**EXERCISE PROMPT:**
Give a verbatim copy of the data, leaving the pictures out.

**COLLECTED DATA:**
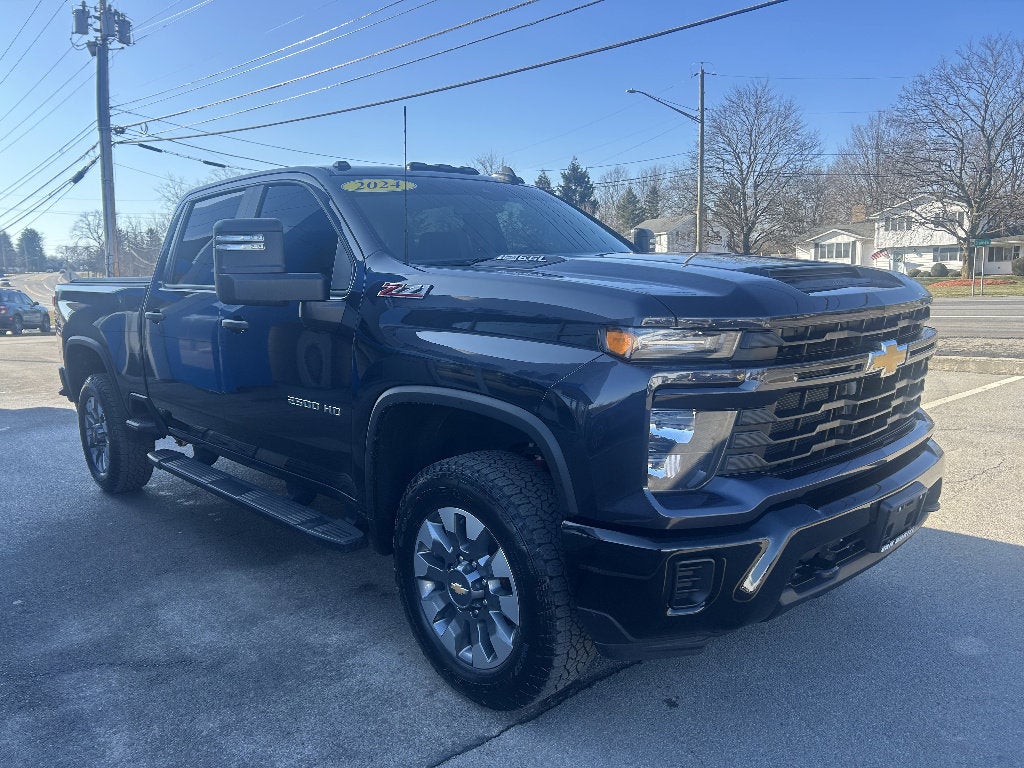 2024 Chevrolet Silverado 2500 HD Custom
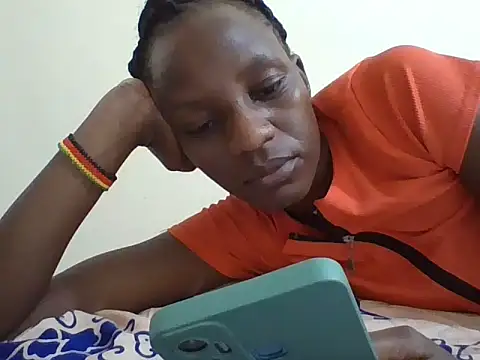 Snapshot of BootieBae chatting on 11-20-25, 06:24 BootieBae online show from 11-20-25, 06:24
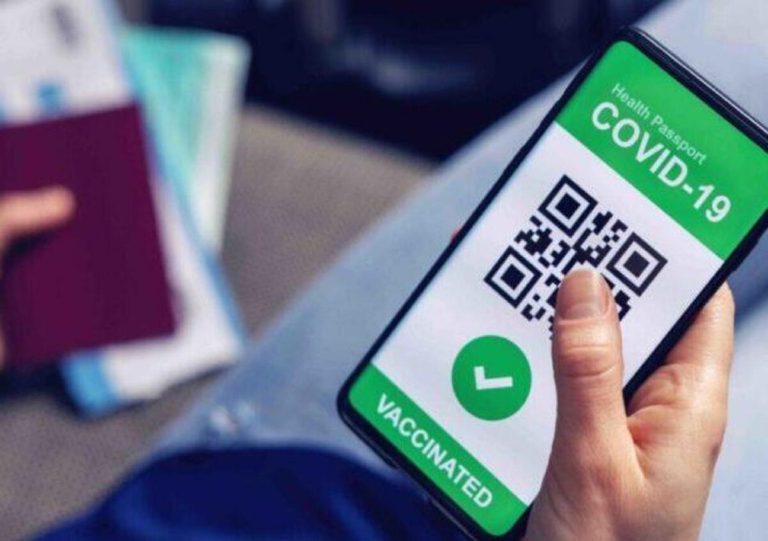 Covid, appello di 150 docenti universitari contro il Green pass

**TASK ANSWER:**
 2024 Chevrolet Silverado 2500 HD Custom
 Snapshot of BootieBae chatting on 11-20-25, 06:24 BootieBae online show from 11-20-25, 06:24
 Covid, appello di 150 docenti universitari contro il Green pass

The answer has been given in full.